(Beginning of SOURCE INFORMATION)

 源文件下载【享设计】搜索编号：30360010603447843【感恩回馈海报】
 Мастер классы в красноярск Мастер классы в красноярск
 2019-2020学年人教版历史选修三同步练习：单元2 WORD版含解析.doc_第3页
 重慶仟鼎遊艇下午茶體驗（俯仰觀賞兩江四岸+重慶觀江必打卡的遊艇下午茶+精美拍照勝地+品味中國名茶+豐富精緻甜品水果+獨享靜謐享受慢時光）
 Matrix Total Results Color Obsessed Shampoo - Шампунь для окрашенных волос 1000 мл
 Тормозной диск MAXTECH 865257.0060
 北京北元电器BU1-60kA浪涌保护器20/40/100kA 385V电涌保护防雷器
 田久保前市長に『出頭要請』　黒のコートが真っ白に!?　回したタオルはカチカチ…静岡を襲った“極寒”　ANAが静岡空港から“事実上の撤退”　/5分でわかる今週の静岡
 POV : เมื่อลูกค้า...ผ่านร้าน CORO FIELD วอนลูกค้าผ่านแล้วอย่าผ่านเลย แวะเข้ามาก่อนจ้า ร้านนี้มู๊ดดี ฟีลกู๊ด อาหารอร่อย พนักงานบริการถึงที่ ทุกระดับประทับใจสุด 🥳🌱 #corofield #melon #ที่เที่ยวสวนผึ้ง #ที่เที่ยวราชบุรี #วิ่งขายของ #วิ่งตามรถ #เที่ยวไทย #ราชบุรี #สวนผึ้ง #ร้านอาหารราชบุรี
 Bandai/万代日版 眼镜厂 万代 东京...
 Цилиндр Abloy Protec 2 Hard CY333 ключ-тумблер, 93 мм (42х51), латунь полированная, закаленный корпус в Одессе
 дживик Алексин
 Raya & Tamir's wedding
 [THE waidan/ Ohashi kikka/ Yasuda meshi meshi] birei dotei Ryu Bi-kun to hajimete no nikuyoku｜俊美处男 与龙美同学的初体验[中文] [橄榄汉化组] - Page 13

(End of SOURCE INFORMATION)

- _EXERCISE INSTRUCTIONS_
Only the line containing "дживик Алексин" and the lines after it, through the end of the data, should be copied, exactly as they are.

- _ANSWER BOX_
 дживик Алексин
 Raya & Tamir's wedding
 [THE waidan/ Ohashi kikka/ Yasuda meshi meshi] birei dotei Ryu Bi-kun to hajimete no nikuyoku｜俊美处男 与龙美同学的初体验[中文] [橄榄汉化组] - Page 13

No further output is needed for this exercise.